PROVIDED MATERIAL:
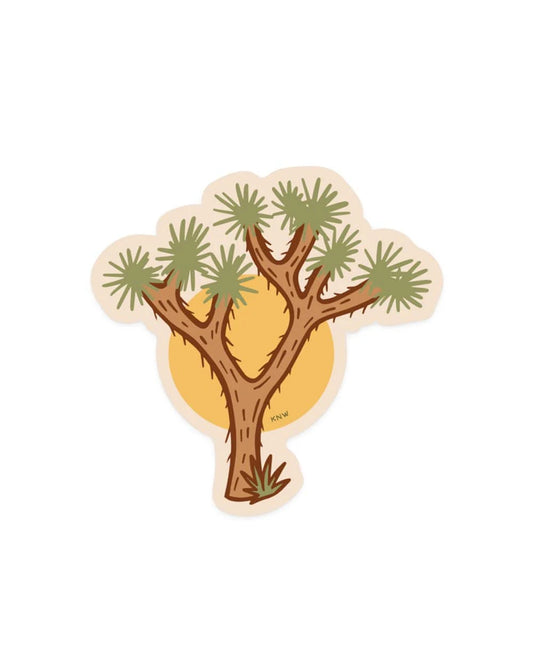 Joshua Tree Vinyl Sticker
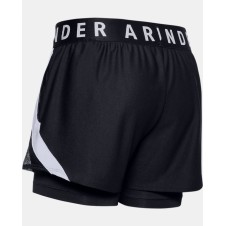 UNDER ARMOUR PLAY UP 2-IN-1 SHORTS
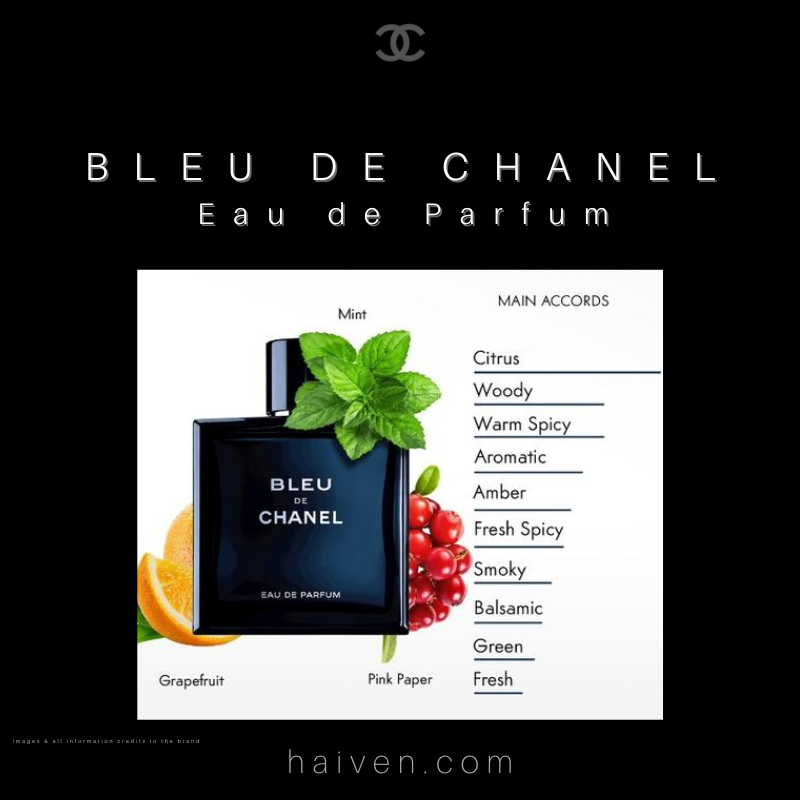 CHANEL Bleu De Chanel Eau de Parfum 100ml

EXERCISE DETAILS:
Only the text of the listing should be returned, exactly and in full; no image goes into the copy.

EXERCISE ANSWER:
 Joshua Tree Vinyl Sticker
 UNDER ARMOUR PLAY UP 2-IN-1 SHORTS
 CHANEL Bleu De Chanel Eau de Parfum 100ml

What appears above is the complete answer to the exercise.